The body of work question the notion that the earth pertains to humans, as is promulgated by several western traditions. The interconnection between human, animal and earth and the acknowledgement that the actions of humans affect the earth, the lives of animals and vice versa, is fundamental to many indigenous traditions. The recent NSW drought is a starting point for exploring this dialectic relationship between human, beast/ animal and earth in an installation that combines ceramics with paintings.
Hermkens’ handbuilt figurative and abstract human-animal ceramic figures challenge representations of human bodies; highlighting the ways in particular the female body has been stereotyped through animal mimicry and projections, at the same time elucidating the human tendency to both anthropomorphise and self-identify with animals. The handbuilt elongated vessels with their female figurative designs refer to the social and ritual significance of vessels (carrying water) and how women embody vessel-like qualities as bearers of life. Both sculptures and vessels express the ambiguity and precariousness of being human.

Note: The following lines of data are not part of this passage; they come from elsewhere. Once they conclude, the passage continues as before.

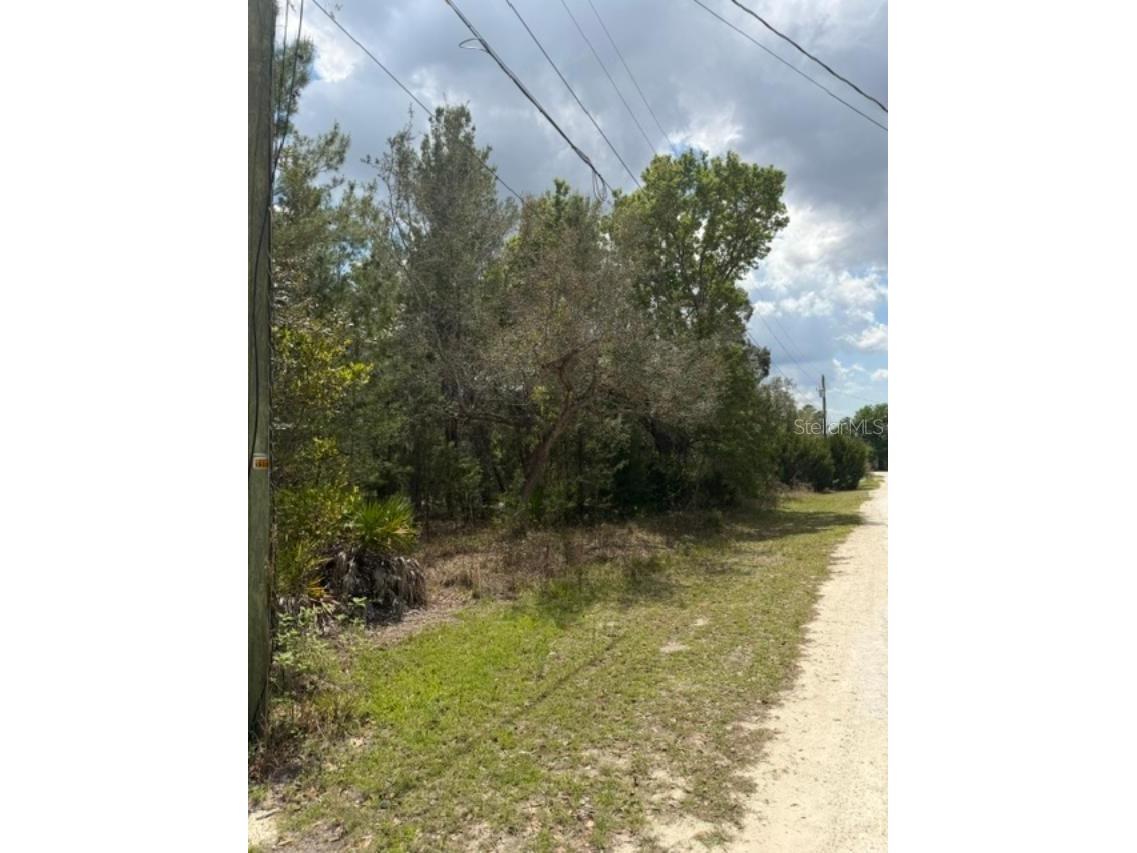 0 Bastian Court Weeki Wachee FL 34613 W7885139 image2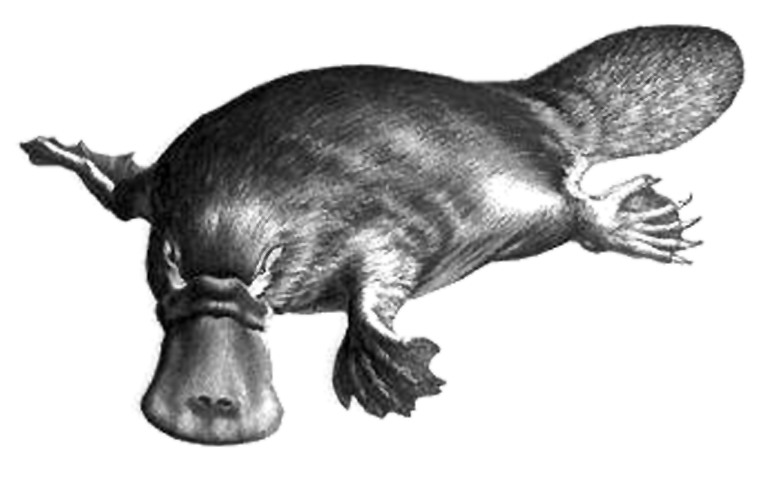 鸭嘴兽的祖先图片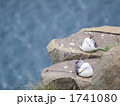 ひなたぼっこウミネコ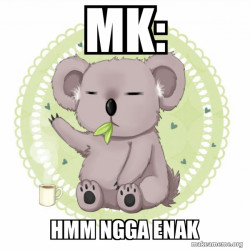  Koala mokel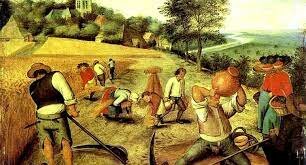 Agricultura y ganadería en haciendas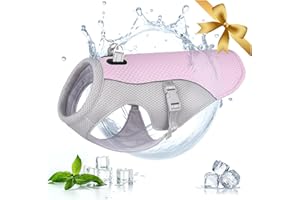 VIVI BEAR Gilet de Refroidissement pour Chien,Harnais de Gilet Refroidissant Chien Manteau de Rafraîchissant Chien,Veste de réglable et Bande réfléchissante Grands Moyens et Petits Chiens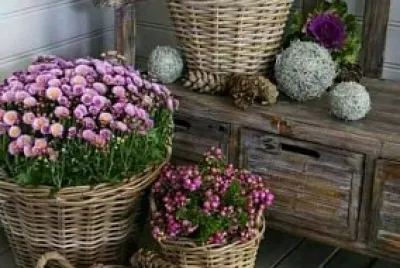 flores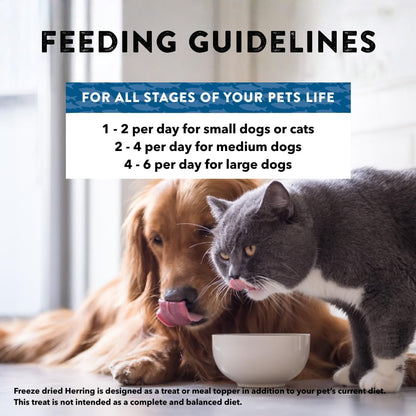 Raw Rewards Freeze-Dried Beef Liver Treats for Dogs and Cats - Bite-Sized Pieces - Healthy, 1 Ingredient, Human Grade Pet Food, All Natural, Proudly Made in USA, 10 Oz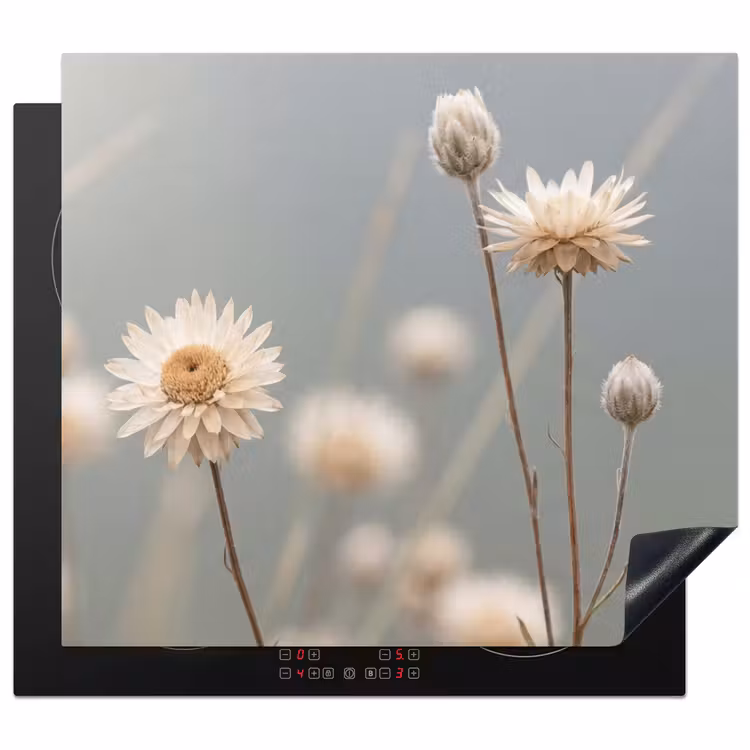 Inductie beschermer - Strobloemen - Wit - Daglicht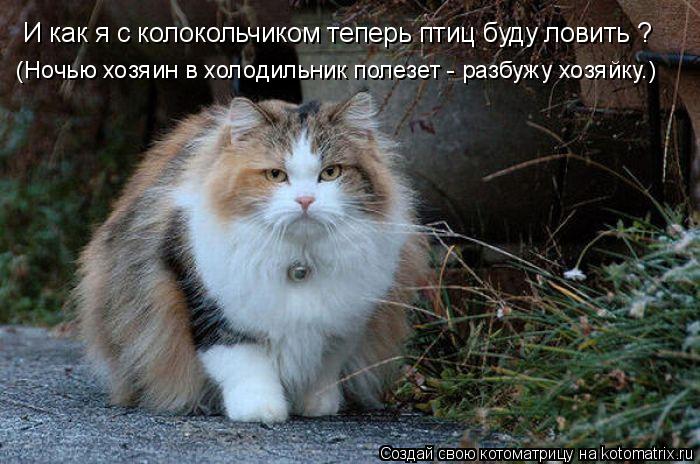 Котоматрица: И как я с колокольчиком теперь птиц буду ловить ? (Ночью хозяин в холодильник полезет - разбужу хозяйку.)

Van Heekeren’s paintings speak to the tragedy of landscape in the face of neglect, and misuse, and suggest a devastating breakdown in human-animal relations. Her collection of paintings and mixed-media works depict animal-like figures, which are neither male nor female. They are collectively domestic and all are dependent upon their environment. The works imagine shared connections between the land and the beings that inhabit Australian farms. The human/animals take on the colours and forms of the land that is the substance of their making.
The combination of painting and ceramic works highlights the anthropomorphism of the catastrophic NSW drought (paintings), and of human-animal relations in general (sculptures and vessels).